▸ Directions: When scanning the data, count every line with "Band" in it, and report only the resulting number.

▸ Data section:
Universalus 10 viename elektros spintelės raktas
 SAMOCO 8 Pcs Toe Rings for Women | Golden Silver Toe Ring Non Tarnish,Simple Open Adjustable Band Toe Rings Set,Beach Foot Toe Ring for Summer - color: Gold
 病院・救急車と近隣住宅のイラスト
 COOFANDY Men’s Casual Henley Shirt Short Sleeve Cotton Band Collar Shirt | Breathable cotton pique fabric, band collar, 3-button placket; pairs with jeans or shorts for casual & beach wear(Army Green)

▸ Exercise result: 2